■ TASK INSTRUCTIONS ■
Scan the lines below for the string "green" and copy every one that has it.

---+---

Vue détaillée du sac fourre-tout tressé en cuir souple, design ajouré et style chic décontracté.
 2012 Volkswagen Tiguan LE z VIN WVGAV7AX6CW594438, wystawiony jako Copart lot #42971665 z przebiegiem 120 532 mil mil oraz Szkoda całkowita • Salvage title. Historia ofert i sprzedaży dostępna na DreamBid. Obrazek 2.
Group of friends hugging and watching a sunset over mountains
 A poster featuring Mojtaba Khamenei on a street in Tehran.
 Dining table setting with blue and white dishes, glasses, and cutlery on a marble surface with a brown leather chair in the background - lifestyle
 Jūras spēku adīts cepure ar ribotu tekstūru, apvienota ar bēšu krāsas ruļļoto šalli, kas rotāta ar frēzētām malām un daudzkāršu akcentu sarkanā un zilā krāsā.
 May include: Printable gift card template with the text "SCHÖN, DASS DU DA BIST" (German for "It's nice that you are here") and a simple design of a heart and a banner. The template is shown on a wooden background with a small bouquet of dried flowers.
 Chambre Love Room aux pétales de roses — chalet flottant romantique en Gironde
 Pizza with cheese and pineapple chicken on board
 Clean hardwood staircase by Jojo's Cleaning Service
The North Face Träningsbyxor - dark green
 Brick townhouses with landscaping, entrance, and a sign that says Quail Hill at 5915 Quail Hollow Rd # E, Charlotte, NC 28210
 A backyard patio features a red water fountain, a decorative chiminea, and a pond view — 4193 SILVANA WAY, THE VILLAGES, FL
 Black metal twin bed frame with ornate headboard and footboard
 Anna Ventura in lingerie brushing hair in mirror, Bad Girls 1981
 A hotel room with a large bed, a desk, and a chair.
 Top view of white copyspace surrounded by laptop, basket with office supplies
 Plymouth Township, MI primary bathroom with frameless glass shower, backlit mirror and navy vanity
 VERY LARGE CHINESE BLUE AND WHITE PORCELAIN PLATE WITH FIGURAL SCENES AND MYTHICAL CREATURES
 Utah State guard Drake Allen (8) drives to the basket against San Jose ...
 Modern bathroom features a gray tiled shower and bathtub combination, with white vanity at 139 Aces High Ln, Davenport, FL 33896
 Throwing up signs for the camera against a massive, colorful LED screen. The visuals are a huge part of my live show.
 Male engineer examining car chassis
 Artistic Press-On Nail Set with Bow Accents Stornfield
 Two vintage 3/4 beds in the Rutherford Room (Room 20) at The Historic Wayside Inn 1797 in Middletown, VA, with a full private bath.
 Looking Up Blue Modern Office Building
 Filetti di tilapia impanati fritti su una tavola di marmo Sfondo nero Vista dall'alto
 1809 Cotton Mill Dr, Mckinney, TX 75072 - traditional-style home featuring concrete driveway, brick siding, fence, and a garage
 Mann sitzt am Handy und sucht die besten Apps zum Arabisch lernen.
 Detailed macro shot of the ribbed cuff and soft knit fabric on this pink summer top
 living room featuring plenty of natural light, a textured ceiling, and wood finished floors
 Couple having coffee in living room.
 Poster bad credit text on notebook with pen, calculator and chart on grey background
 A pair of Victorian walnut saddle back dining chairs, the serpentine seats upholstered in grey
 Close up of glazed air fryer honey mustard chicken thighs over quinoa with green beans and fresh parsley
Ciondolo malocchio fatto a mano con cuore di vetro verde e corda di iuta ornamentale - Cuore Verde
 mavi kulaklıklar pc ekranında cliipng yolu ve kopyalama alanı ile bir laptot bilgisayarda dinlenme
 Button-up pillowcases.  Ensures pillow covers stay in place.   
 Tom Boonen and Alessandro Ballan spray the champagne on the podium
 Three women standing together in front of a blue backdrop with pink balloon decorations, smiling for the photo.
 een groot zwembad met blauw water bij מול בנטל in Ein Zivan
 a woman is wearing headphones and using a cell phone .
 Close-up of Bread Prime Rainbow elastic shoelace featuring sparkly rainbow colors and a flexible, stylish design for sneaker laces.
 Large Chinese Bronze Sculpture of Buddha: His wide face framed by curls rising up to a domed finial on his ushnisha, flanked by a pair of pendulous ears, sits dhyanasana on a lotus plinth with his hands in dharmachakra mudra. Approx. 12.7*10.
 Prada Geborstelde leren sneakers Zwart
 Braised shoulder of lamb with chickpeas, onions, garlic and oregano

---+---

■ WRITTEN SOLUTION ■
The North Face Träningsbyxor - dark green
 Close up of glazed air fryer honey mustard chicken thighs over quinoa with green beans and fresh parsley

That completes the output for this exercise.